• [WHAT YOU WILL DO]: Below are records; quote them exactly from the first line through the line that contains "Le miracle de Shravasti (panneaux aluminium)".

Stored items from a collection
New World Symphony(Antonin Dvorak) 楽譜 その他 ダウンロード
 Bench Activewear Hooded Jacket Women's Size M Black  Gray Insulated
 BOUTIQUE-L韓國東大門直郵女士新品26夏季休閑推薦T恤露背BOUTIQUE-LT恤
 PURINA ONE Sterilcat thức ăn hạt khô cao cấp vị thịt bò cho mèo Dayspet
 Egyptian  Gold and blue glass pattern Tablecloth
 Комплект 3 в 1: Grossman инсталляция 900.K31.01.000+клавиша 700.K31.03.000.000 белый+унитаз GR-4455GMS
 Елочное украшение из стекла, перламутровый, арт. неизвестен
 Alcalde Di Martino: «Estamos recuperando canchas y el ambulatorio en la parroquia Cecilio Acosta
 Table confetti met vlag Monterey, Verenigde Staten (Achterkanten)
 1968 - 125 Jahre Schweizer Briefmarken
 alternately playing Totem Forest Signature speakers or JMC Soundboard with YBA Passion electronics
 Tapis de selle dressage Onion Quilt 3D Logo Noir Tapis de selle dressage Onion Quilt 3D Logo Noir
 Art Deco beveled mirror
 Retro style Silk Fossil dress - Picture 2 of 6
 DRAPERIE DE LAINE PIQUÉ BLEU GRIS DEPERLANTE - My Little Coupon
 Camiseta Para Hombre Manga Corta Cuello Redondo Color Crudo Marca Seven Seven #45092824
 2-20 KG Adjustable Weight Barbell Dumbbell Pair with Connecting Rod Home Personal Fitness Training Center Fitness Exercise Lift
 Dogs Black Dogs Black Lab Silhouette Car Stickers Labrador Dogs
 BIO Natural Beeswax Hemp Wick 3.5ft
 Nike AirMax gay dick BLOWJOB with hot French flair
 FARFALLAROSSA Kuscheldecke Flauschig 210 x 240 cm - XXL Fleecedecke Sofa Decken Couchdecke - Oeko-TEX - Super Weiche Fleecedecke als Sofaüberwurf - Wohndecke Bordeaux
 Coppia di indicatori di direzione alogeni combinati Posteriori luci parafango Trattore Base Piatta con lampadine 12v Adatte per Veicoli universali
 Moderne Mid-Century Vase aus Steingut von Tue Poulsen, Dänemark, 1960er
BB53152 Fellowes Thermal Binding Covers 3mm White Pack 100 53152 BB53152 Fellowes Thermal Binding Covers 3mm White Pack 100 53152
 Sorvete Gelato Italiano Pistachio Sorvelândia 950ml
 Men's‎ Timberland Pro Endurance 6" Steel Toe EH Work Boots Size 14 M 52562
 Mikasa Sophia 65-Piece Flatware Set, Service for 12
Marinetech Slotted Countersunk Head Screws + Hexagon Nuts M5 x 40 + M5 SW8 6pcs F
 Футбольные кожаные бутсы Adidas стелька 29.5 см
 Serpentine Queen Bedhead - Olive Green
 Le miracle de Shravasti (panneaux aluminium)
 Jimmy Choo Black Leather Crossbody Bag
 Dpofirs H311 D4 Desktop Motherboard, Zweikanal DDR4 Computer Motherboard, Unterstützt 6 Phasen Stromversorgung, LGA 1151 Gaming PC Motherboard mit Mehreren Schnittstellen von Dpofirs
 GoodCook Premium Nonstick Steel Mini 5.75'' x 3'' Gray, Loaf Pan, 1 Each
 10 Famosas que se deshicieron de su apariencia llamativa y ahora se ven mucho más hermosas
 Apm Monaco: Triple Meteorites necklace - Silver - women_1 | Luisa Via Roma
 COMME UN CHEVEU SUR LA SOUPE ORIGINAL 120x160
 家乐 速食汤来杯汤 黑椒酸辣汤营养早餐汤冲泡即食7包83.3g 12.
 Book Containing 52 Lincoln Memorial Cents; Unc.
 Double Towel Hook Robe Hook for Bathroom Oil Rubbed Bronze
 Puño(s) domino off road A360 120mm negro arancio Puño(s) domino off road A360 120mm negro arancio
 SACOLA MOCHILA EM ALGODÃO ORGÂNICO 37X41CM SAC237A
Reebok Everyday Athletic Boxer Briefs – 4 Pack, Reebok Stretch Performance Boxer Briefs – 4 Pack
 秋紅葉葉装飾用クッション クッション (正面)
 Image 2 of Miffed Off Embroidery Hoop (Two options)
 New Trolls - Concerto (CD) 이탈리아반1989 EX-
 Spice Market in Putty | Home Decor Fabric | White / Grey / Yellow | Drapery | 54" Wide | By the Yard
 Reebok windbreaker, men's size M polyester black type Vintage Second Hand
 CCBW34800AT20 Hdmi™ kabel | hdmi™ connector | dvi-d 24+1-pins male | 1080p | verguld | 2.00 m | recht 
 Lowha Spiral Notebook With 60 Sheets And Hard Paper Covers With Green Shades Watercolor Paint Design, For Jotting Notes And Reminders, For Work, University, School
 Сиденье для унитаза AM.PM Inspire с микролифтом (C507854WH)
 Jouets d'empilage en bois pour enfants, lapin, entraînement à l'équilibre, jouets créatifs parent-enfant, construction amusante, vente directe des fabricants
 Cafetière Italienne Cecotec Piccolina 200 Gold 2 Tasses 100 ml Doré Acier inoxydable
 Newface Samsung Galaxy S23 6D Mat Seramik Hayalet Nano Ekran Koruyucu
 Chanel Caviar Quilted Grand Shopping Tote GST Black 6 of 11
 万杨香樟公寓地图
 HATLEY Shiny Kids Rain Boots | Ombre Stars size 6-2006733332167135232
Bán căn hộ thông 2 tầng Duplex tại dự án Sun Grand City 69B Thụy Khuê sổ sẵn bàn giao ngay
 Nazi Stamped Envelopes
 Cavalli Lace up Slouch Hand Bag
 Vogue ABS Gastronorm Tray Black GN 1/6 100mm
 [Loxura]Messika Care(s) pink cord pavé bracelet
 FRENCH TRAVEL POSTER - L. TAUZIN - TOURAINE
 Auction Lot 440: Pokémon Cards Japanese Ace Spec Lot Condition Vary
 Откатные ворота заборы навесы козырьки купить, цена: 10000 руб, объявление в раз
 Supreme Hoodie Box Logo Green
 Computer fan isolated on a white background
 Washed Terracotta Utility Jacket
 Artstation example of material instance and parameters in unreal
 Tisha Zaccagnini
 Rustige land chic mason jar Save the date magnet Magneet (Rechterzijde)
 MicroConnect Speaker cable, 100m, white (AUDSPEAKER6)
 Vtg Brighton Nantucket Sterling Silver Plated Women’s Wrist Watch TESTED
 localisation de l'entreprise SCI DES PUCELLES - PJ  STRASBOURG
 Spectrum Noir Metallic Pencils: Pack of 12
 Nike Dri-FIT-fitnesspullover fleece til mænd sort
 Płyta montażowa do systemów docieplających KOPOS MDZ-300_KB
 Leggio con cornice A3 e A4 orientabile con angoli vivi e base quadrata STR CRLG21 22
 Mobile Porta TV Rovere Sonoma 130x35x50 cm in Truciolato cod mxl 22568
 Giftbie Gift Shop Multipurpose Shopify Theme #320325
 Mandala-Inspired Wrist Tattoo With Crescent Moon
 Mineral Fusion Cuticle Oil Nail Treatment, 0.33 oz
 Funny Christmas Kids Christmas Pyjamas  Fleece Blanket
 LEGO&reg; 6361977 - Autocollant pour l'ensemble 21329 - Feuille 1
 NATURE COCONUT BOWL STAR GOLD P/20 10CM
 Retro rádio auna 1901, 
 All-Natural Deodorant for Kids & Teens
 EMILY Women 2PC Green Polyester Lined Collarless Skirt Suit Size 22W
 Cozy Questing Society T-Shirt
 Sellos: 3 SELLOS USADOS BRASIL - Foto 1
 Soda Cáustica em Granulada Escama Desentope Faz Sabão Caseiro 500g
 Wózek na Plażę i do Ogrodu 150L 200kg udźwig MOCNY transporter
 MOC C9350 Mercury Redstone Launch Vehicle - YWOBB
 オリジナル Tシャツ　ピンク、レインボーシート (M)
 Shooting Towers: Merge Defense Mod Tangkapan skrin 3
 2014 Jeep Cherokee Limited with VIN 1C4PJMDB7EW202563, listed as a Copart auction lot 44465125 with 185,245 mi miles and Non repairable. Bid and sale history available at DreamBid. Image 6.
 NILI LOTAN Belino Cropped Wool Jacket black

• [WRITTEN RESPONSE]:
New World Symphony(Antonin Dvorak) 楽譜 その他 ダウンロード
 Bench Activewear Hooded Jacket Women's Size M Black  Gray Insulated
 BOUTIQUE-L韓國東大門直郵女士新品26夏季休閑推薦T恤露背BOUTIQUE-LT恤
 PURINA ONE Sterilcat thức ăn hạt khô cao cấp vị thịt bò cho mèo Dayspet
 Egyptian  Gold and blue glass pattern Tablecloth
 Комплект 3 в 1: Grossman инсталляция 900.K31.01.000+клавиша 700.K31.03.000.000 белый+унитаз GR-4455GMS
 Елочное украшение из стекла, перламутровый, арт. неизвестен
 Alcalde Di Martino: «Estamos recuperando canchas y el ambulatorio en la parroquia Cecilio Acosta
 Table confetti met vlag Monterey, Verenigde Staten (Achterkanten)
 1968 - 125 Jahre Schweizer Briefmarken
 alternately playing Totem Forest Signature speakers or JMC Soundboard with YBA Passion electronics
 Tapis de selle dressage Onion Quilt 3D Logo Noir Tapis de selle dressage Onion Quilt 3D Logo Noir
 Art Deco beveled mirror
 Retro style Silk Fossil dress - Picture 2 of 6
 DRAPERIE DE LAINE PIQUÉ BLEU GRIS DEPERLANTE - My Little Coupon
 Camiseta Para Hombre Manga Corta Cuello Redondo Color Crudo Marca Seven Seven #45092824
 2-20 KG Adjustable Weight Barbell Dumbbell Pair with Connecting Rod Home Personal Fitness Training Center Fitness Exercise Lift
 Dogs Black Dogs Black Lab Silhouette Car Stickers Labrador Dogs
 BIO Natural Beeswax Hemp Wick 3.5ft
 Nike AirMax gay dick BLOWJOB with hot French flair
 FARFALLAROSSA Kuscheldecke Flauschig 210 x 240 cm - XXL Fleecedecke Sofa Decken Couchdecke - Oeko-TEX - Super Weiche Fleecedecke als Sofaüberwurf - Wohndecke Bordeaux
 Coppia di indicatori di direzione alogeni combinati Posteriori luci parafango Trattore Base Piatta con lampadine 12v Adatte per Veicoli universali
 Moderne Mid-Century Vase aus Steingut von Tue Poulsen, Dänemark, 1960er
BB53152 Fellowes Thermal Binding Covers 3mm White Pack 100 53152 BB53152 Fellowes Thermal Binding Covers 3mm White Pack 100 53152
 Sorvete Gelato Italiano Pistachio Sorvelândia 950ml
 Men's‎ Timberland Pro Endurance 6" Steel Toe EH Work Boots Size 14 M 52562
 Mikasa Sophia 65-Piece Flatware Set, Service for 12
Marinetech Slotted Countersunk Head Screws + Hexagon Nuts M5 x 40 + M5 SW8 6pcs F
 Футбольные кожаные бутсы Adidas стелька 29.5 см
 Serpentine Queen Bedhead - Olive Green
 Le miracle de Shravasti (panneaux aluminium)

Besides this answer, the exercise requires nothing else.